### Aim of the exercise
Give the whole listing below once more, exactly, without pictures.

### Recorded data
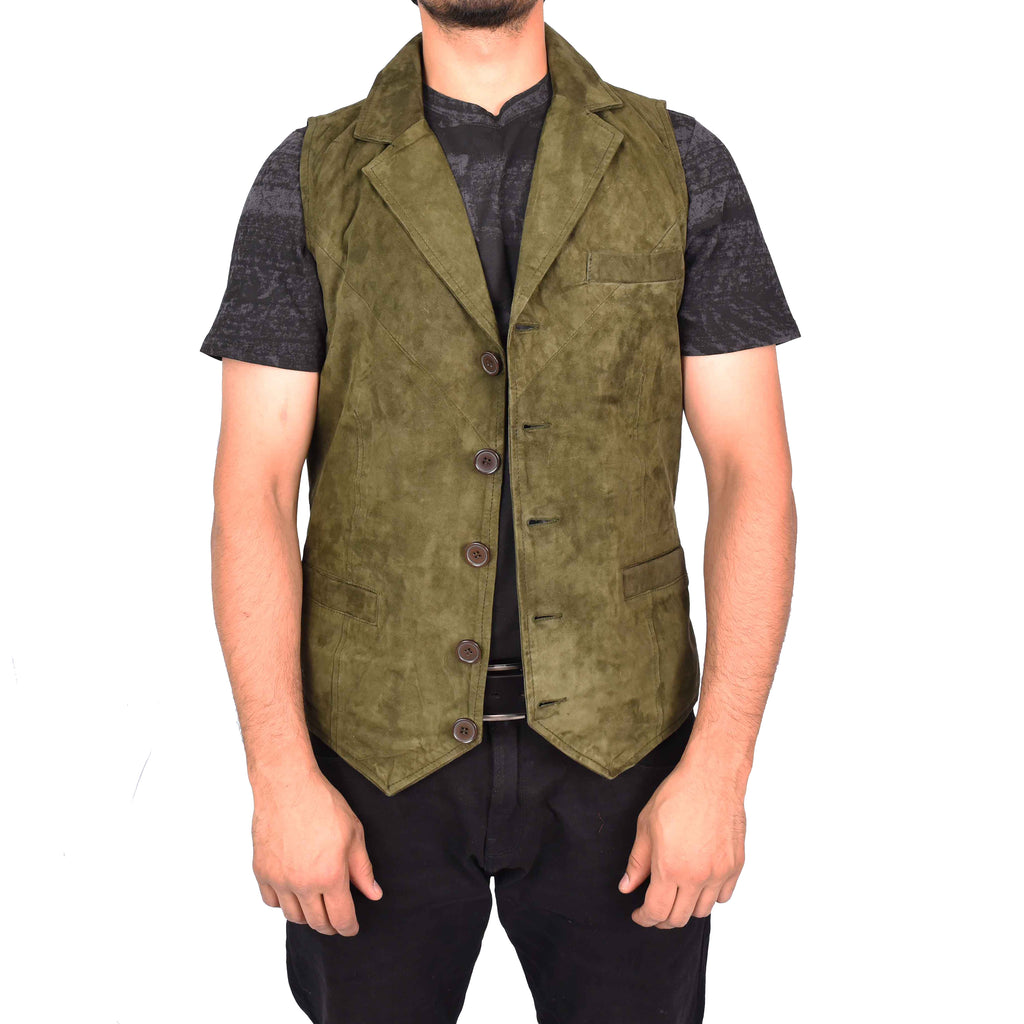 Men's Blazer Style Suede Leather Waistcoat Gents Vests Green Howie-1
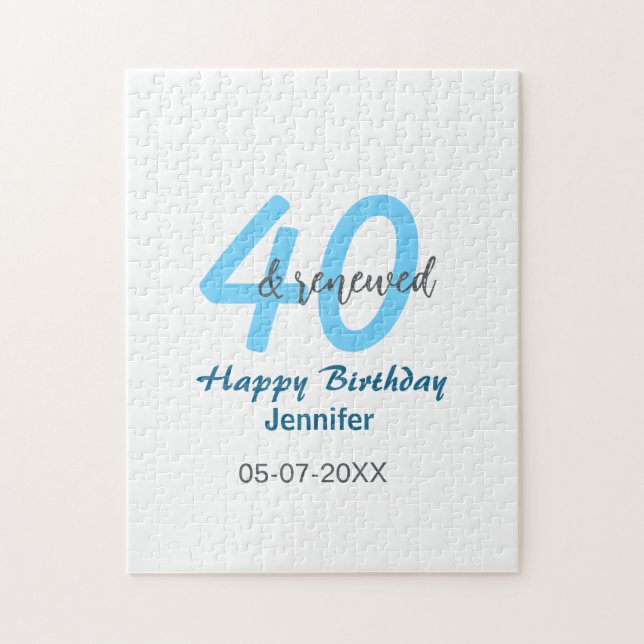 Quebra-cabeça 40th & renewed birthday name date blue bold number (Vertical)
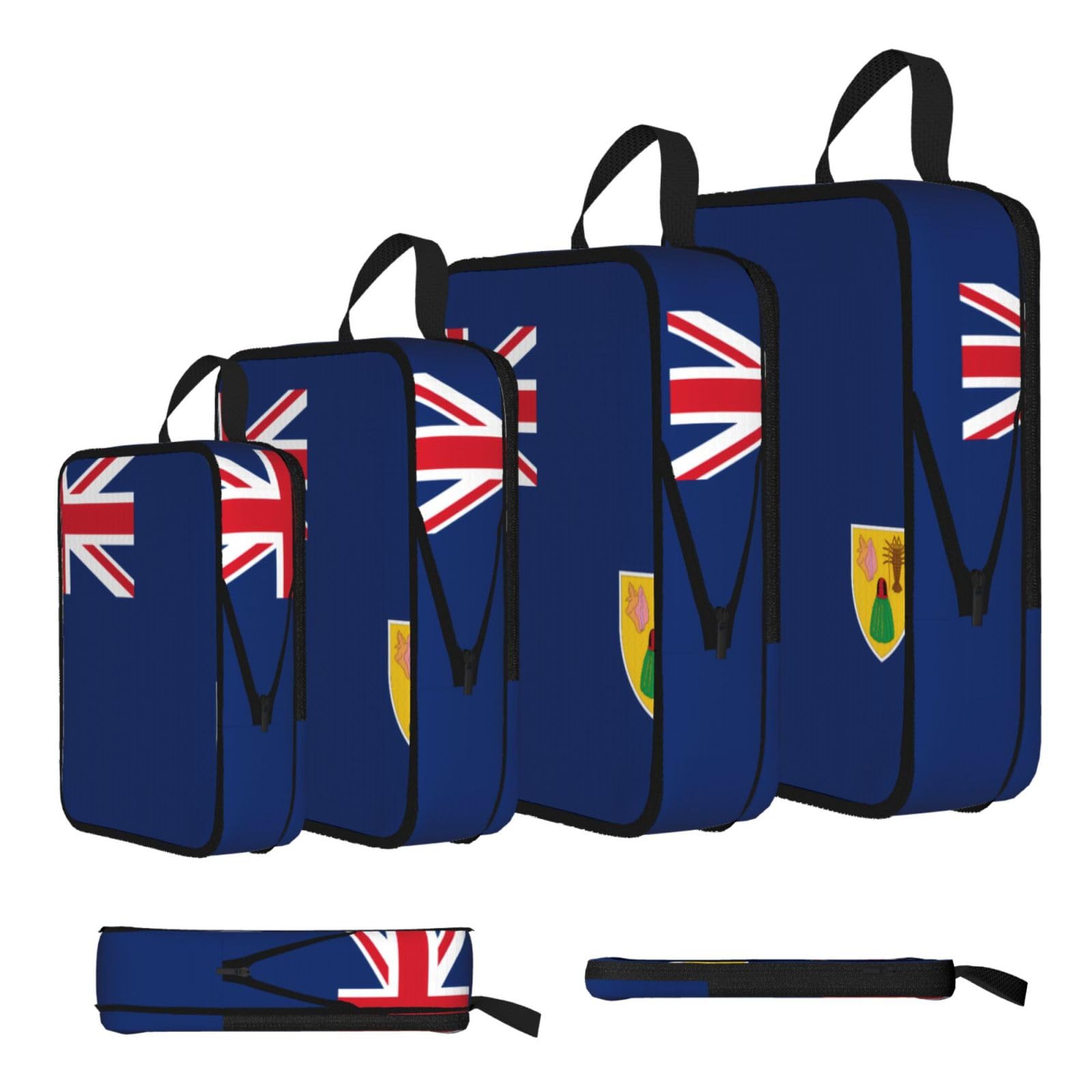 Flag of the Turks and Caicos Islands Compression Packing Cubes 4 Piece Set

### Response box
 Men's Blazer Style Suede Leather Waistcoat Gents Vests Green Howie-1
 Quebra-cabeça 40th & renewed birthday name date blue bold number (Vertical)
 Flag of the Turks and Caicos Islands Compression Packing Cubes 4 Piece Set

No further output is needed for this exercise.